Date: 2007-09-20 03:22 am (UTC)
From: [identity profile] tadiera.livejournal.com
At my job, that person would be laughed off the helpdesk.

Date: 2007-09-20 03:35 am (UTC)
From: [identity profile] ptstech.livejournal.com
Wow. Just wow.

Date: 2007-09-20 05:20 am (UTC)
From: [identity profile] hikari-neko.livejournal.com

"So, what you're telling me is: nothing is wrong. Did you really need to e-mail me about that?"

Date: 2007-09-20 06:06 am (UTC)
jecook: (Default)
From: [personal profile] jecook
"Sir, we don't route martians because the rest of the internet would laugh their asses off at you.

Date: 2007-09-20 06:19 am (UTC)
From: [identity profile] ravan.livejournal.com
Bwahahahaha!! Oh, my!! That is too funny... and dumb.

Date: 2007-09-20 06:34 am (UTC)
From: [identity profile] superbus.livejournal.com
He has an MCSE, doesn't he?

Date: 2007-09-20 07:04 am (UTC)
ext_78: A picture of a plush animal. It looks a bit like a cross between a duck and a platypus. (Default)
From: [identity profile] pne.livejournal.com
He's a Minesweeper Consultant/Solitaire Expert?

Date: 2007-09-20 09:35 am (UTC)
ext_8716: (Default)
From: [identity profile] trixtah.livejournal.com
"I suggest you call 555-5555. The response you'll get there is directly relevant to the problem you're having.

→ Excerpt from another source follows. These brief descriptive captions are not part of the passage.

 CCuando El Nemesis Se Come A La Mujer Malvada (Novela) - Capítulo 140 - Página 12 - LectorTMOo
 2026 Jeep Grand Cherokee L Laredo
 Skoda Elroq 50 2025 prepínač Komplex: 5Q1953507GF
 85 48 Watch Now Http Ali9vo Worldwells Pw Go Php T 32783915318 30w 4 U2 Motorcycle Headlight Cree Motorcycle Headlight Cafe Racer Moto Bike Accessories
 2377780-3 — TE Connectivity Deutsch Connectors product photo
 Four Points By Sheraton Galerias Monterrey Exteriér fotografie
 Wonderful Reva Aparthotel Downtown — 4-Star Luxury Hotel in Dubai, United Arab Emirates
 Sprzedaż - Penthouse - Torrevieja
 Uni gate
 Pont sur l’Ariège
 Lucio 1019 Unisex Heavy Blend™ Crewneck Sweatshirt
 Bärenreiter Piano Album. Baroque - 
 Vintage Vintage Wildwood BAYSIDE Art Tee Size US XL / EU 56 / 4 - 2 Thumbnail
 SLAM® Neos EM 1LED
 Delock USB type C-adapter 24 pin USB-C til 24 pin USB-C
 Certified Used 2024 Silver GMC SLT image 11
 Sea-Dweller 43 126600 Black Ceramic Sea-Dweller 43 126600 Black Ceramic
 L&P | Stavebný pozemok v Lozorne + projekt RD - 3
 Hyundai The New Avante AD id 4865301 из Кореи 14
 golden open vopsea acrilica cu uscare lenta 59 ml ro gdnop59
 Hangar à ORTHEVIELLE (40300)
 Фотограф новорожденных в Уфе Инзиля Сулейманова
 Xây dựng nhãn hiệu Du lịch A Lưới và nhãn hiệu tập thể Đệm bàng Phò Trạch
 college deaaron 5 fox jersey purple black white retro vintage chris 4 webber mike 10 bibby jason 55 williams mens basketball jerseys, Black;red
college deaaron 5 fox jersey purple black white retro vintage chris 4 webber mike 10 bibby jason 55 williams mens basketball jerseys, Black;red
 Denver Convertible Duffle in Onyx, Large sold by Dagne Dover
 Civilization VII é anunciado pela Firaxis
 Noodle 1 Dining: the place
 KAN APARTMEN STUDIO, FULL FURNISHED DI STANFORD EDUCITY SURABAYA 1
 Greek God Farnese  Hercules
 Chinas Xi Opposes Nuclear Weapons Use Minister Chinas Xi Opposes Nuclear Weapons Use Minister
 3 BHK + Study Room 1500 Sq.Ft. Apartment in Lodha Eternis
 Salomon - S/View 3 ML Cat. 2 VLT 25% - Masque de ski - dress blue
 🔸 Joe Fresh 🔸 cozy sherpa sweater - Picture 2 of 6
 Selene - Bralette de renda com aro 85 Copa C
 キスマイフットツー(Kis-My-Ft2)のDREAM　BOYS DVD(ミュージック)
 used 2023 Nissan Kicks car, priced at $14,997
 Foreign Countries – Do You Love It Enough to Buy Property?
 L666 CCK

Bye!"

Date: 2007-09-20 09:37 am (UTC)
From: [identity profile] whitewolf3399.livejournal.com
Ahhh so it's not just our customers that do that!

Nice to know we haven't cornered the market on idiots...

Sadly though most of our Tier1 folks wouldn't get that *Sigh*

Date: 2007-09-20 12:28 pm (UTC)
From: [identity profile] mogaribue.livejournal.com
WTF that's Network Engineering 101. Throw a CCNA book at his head.

Date: 2007-09-20 06:22 pm (UTC)
From: [identity profile] kait-the-great.livejournal.com
The institution whose help desk I worked at had IP addresses starting with 129. Talk about an annoying and common typo.

Date: 2007-09-21 07:46 pm (UTC)
From: [identity profile] jarad.livejournal.com
Let him do it. Then you can get his ass fired when the network gets flooded out of existence by all the rogue packets headed there.